> **EXERCISE REQUIREMENTS**:
Please print the entries below exactly, from the line with "As discussed earlier, the" through the line with "First things first", including both of those lines and leaving out all others.

DATASET RECORDS: Begin

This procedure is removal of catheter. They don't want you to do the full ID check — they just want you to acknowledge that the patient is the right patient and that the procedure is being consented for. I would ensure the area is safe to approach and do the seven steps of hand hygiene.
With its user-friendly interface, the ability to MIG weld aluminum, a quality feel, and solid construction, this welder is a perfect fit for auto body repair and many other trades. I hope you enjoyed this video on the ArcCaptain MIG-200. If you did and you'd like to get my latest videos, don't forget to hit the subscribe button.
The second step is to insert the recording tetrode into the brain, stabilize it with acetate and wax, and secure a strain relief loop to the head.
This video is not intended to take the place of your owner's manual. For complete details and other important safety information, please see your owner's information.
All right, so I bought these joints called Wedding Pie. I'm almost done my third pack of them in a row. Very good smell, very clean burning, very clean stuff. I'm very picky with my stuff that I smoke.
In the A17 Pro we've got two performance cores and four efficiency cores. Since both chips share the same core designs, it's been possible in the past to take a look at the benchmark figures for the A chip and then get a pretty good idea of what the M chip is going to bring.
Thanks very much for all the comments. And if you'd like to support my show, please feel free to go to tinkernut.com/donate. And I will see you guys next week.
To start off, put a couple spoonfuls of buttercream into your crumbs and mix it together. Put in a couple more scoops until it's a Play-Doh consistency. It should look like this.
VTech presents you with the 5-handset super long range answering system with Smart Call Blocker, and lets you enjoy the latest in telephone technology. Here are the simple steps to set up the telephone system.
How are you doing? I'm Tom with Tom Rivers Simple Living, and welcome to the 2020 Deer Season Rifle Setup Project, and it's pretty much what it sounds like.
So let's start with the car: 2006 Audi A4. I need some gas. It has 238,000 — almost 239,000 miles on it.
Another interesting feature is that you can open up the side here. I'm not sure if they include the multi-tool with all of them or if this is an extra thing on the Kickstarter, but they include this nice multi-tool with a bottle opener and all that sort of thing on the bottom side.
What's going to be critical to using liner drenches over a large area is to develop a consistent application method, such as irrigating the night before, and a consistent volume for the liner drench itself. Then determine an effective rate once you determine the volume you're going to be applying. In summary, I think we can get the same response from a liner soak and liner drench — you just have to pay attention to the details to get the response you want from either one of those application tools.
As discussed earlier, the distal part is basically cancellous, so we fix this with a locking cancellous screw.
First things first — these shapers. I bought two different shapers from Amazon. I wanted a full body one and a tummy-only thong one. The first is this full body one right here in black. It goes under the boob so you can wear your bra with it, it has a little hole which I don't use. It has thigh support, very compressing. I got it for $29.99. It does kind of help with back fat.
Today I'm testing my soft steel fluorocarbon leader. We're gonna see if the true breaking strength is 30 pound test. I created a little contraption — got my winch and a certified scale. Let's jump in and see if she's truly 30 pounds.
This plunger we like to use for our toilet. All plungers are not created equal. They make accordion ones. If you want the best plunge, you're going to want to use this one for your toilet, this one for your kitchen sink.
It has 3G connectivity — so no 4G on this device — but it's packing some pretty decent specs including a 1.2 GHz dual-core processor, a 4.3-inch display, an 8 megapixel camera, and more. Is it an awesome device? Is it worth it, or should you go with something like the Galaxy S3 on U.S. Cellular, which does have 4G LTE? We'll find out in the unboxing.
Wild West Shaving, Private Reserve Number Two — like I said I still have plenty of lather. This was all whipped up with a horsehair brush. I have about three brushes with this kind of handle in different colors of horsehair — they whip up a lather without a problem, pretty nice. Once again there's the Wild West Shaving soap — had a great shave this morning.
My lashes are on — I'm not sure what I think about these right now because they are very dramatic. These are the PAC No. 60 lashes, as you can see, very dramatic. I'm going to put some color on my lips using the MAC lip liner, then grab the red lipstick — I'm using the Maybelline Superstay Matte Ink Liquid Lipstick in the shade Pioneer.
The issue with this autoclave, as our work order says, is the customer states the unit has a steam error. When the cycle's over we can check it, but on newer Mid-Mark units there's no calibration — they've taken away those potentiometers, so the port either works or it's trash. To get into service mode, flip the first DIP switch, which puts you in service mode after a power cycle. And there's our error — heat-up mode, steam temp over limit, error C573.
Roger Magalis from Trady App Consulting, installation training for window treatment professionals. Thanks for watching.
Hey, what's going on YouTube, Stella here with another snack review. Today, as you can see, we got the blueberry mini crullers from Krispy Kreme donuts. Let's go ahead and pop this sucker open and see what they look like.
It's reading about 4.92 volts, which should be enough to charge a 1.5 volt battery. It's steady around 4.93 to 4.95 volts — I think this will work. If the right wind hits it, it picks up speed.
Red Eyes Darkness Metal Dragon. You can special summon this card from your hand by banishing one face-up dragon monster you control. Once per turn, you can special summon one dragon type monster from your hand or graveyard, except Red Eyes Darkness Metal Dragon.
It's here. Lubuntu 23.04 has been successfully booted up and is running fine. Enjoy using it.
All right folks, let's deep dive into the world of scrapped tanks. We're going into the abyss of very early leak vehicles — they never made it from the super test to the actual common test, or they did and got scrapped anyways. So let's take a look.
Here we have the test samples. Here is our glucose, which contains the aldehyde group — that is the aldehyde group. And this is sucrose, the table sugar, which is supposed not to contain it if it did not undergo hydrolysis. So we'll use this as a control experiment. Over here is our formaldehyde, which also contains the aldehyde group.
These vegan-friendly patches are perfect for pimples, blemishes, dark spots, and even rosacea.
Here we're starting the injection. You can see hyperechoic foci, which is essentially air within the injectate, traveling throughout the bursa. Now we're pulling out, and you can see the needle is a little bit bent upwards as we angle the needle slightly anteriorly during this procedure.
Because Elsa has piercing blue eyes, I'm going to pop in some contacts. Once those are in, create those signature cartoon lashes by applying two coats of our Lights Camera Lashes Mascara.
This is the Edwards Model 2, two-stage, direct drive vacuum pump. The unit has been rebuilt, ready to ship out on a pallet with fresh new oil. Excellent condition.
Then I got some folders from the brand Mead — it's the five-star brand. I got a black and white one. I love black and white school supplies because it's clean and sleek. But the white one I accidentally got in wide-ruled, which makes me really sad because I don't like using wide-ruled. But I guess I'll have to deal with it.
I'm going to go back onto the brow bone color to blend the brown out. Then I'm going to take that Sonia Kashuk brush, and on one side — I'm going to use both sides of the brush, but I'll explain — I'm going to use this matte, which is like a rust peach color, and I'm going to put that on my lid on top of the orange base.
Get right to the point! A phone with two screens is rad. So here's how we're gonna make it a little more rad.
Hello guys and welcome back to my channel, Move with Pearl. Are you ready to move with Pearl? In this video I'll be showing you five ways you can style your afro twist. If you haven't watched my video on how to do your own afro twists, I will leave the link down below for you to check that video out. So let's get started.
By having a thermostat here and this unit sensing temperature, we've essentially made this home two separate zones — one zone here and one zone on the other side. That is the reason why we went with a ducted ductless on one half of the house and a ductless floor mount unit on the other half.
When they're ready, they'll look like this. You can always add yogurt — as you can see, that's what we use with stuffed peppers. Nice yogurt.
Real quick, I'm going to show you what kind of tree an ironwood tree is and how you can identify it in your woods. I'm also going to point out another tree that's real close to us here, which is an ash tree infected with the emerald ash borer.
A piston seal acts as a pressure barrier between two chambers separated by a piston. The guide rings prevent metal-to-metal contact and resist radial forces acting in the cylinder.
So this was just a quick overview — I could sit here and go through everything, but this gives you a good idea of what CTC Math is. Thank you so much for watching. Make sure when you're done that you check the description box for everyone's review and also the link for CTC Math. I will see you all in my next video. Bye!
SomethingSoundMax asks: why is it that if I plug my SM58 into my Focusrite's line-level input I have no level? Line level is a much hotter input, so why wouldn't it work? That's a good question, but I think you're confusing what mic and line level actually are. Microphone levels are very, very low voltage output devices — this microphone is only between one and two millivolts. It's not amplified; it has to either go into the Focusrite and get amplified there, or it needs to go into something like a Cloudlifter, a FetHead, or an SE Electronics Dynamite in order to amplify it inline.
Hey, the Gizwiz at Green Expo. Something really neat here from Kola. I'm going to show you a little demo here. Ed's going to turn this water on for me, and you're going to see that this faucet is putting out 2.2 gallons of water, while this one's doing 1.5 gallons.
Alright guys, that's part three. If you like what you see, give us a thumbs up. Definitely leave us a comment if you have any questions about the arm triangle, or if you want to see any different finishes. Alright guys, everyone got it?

DATASET RECORDS: End

> **RESPONSE AREA**:
As discussed earlier, the distal part is basically cancellous, so we fix this with a locking cancellous screw.
First things first — these shapers. I bought two different shapers from Amazon. I wanted a full body one and a tummy-only thong one. The first is this full body one right here in black. It goes under the boob so you can wear your bra with it, it has a little hole which I don't use. It has thigh support, very compressing. I got it for $29.99. It does kind of help with back fat.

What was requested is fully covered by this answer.